Hi I’m trying to get docker-in-docker (dind) to work with cuda on Jetson Xavier NX developer kit.
Setup
output of on jetson host jetson_release -v
- NVIDIA Jetson Xavier NX (Developer Kit Version)
* Jetpack 4.5 [L4T 32.5.0]
* NV Power Mode: MODE_15W_6CORE - Type: 2
* jetson_stats.service: active
- Board info:
* Type: Xavier NX (Developer Kit Version)

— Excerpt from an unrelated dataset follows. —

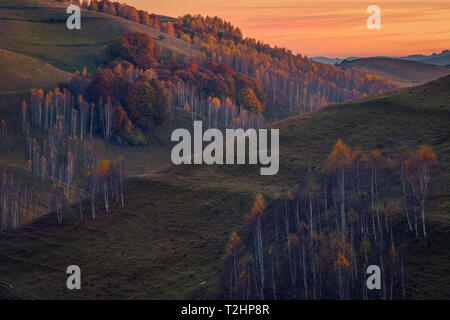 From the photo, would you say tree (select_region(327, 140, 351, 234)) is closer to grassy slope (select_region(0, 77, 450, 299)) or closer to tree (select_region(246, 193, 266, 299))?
grassy slope (select_region(0, 77, 450, 299))

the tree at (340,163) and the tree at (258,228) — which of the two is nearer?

* SOC Family: tegra194 - ID:25
* Module: P3668 - Board: P3509-000
* Code Name: jakku
* CUDA GPU architecture (ARCH_BIN): 7.2
* Serial Number: 1423220027077
- Libraries:
* CUDA: 10.2.89
* cuDNN: 8.0.0.180
* TensorRT: 7.1.3.0
* Visionworks: 1.6.0.501
* OpenCV: 4.1.1 compiled CUDA: NO
* VPI: ii libnvvpi1 1.0.12 arm64 NVIDIA Vision Programming Interface library
* Vulkan: 1.2.70
- jetson-stats:
* Version 3.1.0
* Works on Python 3.6.9
I use custom dind image inspired by GitHub - Henderake/dind-nvidia-docker: nvidia-docker in DinD (Docker inside Docker) :
Dockerfile:
FROM nvcr.io/nvidia/l4t-base:r32.5.0 AS base
RUN apt-get update -q && \
apt-get install -yq \
apt-transport-https \
ca-certificates \
curl \
gnupg \
lsb-release && \
curl -fsSL https://download.docker.com/linux/ubuntu/gpg | gpg --dearmor -o /usr/share/keyrings/docker-archive-keyring.gpg && \
echo \
"deb [arch=arm64 signed-by=/usr/share/keyrings/docker-archive-keyring.gpg] https://download.docker.com/linux/ubuntu \
$(lsb_release -cs) stable" | tee /etc/apt/sources.list.d/docker.list > /dev/null && \
apt-get update -q && apt-get install -yq docker-ce docker-ce-cli containerd.io
# https://github.com/docker/docker/blob/master/project/PACKAGERS.md#runtime-dependencies
RUN set -eux; \
apt-get update -q && \
apt-get install -yq \
btrfs-tools \
e2fsprogs \
iptables \
xfsprogs \
xz-utils \
# pigz: https://github.com/moby/moby/pull/35697 (faster gzip implementation)
pigz \
wget
# set up subuid/subgid so that "--userns-remap=default" works out-of-the-box
RUN set -x \
&& addgroup --system dockremap \
&& adduser --system -ingroup dockremap dockremap \
&& echo 'dockremap:165536:65536' >> /etc/subuid \
&& echo 'dockremap:165536:65536' >> /etc/subgid
# https://github.com/docker/docker/tree/master/hack/dind
ENV DIND_COMMIT ed89041433a031cafc0a0f19cfe573c31688d377
RUN set -eux; \
wget -O /usr/local/bin/dind "https://raw.githubusercontent.com/docker/docker/${DIND_COMMIT}/hack/dind"; \
chmod +x /usr/local/bin/dind
##### Install nvidia docker for jetson #####
RUN apt-key adv --fetch-key http://repo.download.nvidia.com/jetson/jetson-ota-public.asc && \
echo "deb https://repo.download.nvidia.com/jetson/common r32.5 main" | tee /etc/apt/sources.list.d/nvidia-docker.list && \
echo "deb https://repo.download.nvidia.com/jetson/t194 r32.5 main" >> /etc/apt/sources.list.d/nvidia-docker.list && \
apt-get update -qq && \
apt-get install -yq nvidia-docker2 nvidia-container-csv-cuda nvidia-container-csv-cudnn && \
sed -i '2i \ \ \ \ "default-runtime": "nvidia",' /etc/docker/daemon.json
COPY dockerd-entrypoint.sh /usr/local/bin/
RUN chmod +x /usr/local/bin/dockerd-entrypoint.sh
VOLUME /var/lib/docker
EXPOSE 2375
ENTRYPOINT ["dockerd-entrypoint.sh"]
CMD []
dockerd-entrypoint.sh
:
#!/bin/sh
set -e
# no arguments passed
# or first arg is `-f` or `--some-option`
if [ "$#" -eq 0 ] || [ "${1#-}" != "$1" ]; then
# add our default arguments
set -- dockerd \
--host=unix:///var/run/docker.sock \
--host=tcp://0.0.0.0:2375 \
"$@"
fi
if [ "$1" = 'dockerd' ]; then
# if we're running Docker, let's pipe through dind
set -- "$(which dind)" "$@"
# explicitly remove Docker's default PID file to ensure that it can start properly if it was stopped uncleanly (and thus didn't clean up the PID file)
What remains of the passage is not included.